Version: 1.3.1.0

ODP as the Foundation for AI Workloads

What ODP Is and Is Not

Let's be direct: ODP does not include AI models, large language models, or machine learning frameworks beyond Spark MLlib (covered in the next section). ODP is a data platform, not an AI engine.

What ODP provides is the governed data foundation that AI workloads require to be trustworthy, reproducible, and compliant. The quality, governance, and accessibility of training data matters as much as model architecture. ODP is where that data layer is built.

You bring your ML framework — PyTorch, TensorFlow, scikit-learn, Hugging Face, or any other tool.

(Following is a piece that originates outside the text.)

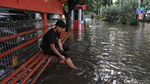 Terendam Banjir, Aktivitas di Ruko ITC Mangga Dua Tetap Normal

ODP ensures the data those frameworks consume is governed, audited, versioned, and sovereign.

What "AI-Ready" Means for ODP

An AI-ready data platform must answer the following questions reliably:

Where does this training data come from? (lineage)
Who can access it? (access control)
What did it look like at the time a model was trained? (versioning / time travel)
Has any sensitive data leaked into training sets? (governance)
Where is the data physically stored? (sovereignty)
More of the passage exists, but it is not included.